Why is it imported? The eDiscovery role is imported because it contains permissions related to viewing email content ("Raw data (Email & collaboration)"). Defender XDR sees this as a relevant permission for a security investigation (e.g., viewing the content of a malicious email). It doesn't understand the nuance of eDiscovery cases (Sally vs. Bob). It just sees a "permission to view email" and imports it.
Will anything change in Purview? NO. After you activate the "Email & collaboration" workload, nothing will change for Sally, Sue, and Bob within the Purview eDiscovery portal.
Bob will still be an eDiscovery Admin who can see all cases.
Sally and Sue will still be eDiscovery Managers who can only see the cases they are assigned to.
The fine-grained permissions within the eDiscovery tool itself are respected and are managed exclusively in the Purview portal.
Where do you manage users? You continue to manage eDiscovery users in Purview. If you need to add Billy as an eDiscovery Admin, you will still go to the Purview compliance portal, navigate to Roles, and add Billy to the eDiscovery Administrator role group.
The Bottom Line: The import is a one-way read for the purpose of granting those permissions for Defender XDR scenarios. It does not push any changes back to Purview or alter how Purview's own RBAC works. The Defender XDR RBAC model simply uses the Purview role as a "permission template."
Question 2: Activating the Workload and Potential Impact
"Wondering what exactly will happen when I activate the Email & collaboration workload. Will anything negative happen to the PIM groups... Would I then need to clean anything up...?"
Activating the workload is like flipping the master switch. Before activation, all the imported roles and permissions are just sitting there, staged and inactive. After activation, the Defender XDR RBAC model becomes the source of authority for Email & collaboration permissions within the context of Defender XDR actions.
What happens when you activate?
The permissions you have configured in your Defender XDR roles (e.g., the imported "eDiscovery Manager" and "Search and Purge" permissions) will become active.
A user like Sally, who is in the imported eDiscovery role, will now be able to use Defender XDR features that require the "Read Raw Email Data" permission (like viewing the body of an email during a threat investigation in Defender).
A user in your "Search and Purge" role will be able to take purge actions directly from the Defender portal's Threat Explorer, instead of having to pivot to the Purview portal.

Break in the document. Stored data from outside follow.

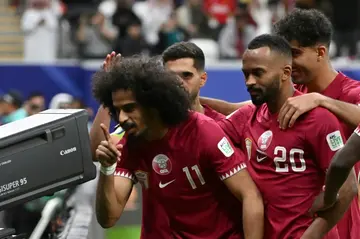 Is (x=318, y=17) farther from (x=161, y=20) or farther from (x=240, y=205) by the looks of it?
(x=161, y=20)

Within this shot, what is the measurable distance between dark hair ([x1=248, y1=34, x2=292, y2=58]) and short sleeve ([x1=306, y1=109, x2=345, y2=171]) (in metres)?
0.39

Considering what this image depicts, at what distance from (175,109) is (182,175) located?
327 millimetres

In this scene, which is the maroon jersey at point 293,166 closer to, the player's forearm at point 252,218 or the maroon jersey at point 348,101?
the player's forearm at point 252,218

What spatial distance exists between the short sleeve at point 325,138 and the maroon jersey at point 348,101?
381 millimetres

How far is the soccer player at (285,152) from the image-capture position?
17.1 feet

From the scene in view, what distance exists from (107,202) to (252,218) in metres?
0.72

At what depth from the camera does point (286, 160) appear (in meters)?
5.31

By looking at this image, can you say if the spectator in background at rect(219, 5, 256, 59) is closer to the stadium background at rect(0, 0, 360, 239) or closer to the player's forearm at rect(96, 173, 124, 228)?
the stadium background at rect(0, 0, 360, 239)

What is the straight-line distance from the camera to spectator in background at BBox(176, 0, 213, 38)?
1756cm

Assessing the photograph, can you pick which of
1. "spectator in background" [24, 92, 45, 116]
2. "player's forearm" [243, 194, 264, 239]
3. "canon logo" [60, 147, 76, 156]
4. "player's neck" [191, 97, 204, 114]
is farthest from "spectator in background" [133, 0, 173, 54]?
"canon logo" [60, 147, 76, 156]

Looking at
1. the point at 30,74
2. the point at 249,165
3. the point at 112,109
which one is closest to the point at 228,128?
the point at 249,165

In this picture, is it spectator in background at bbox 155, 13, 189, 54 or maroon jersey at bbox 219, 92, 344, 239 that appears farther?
spectator in background at bbox 155, 13, 189, 54

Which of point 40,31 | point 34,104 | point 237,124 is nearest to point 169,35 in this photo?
point 40,31

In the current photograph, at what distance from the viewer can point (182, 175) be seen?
5363 millimetres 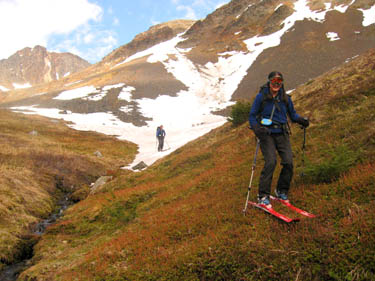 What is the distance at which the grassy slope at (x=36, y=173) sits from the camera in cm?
1171

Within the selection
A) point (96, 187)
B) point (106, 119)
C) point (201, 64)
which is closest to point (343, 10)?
point (201, 64)

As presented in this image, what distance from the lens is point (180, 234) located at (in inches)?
257

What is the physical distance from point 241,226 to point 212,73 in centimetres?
8891

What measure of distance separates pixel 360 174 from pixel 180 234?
15.5 feet

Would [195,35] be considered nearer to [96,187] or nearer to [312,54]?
[312,54]

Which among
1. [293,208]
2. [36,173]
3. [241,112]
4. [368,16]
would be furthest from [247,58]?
[293,208]

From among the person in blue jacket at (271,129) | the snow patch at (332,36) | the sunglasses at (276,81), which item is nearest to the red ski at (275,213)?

Will anything negative happen to PIM? NO. Your Privileged Identity Management (PIM) setup for the Azure AD groups assigned to Purview roles will not be affected. PIM controls membership in the group, while XDR RBAC controls what that group can do. The two systems work together. A user will still need to activate their PIM role to become a member of the group, and only then will they receive the permissions granted by the Defender XDR role.
Do you need to clean up Purview roles? NO. You do not need to clean up anything in Purview. The Purview roles must continue to exist because they are the source that Defender XDR is syncing from. If you delete the "Search and Purge" role in Purview, it will eventually disappear from the Defender XDR import, and your unified role will break.
The "Undo" Button
"Can I just undo it if it messes anything up?"
Yes. This is the most important safety net. If activating the workload causes unexpected issues, you can simply go back to Settings > Permissions > Email & collaboration roles and click a button to "Deactivate" the workload.
Deactivating will revert the permission model back to the way it was before. Defender XDR will stop being the source of authority, and the individual permission models of Exchange Online and Purview will take over again. It is a non-destructive process.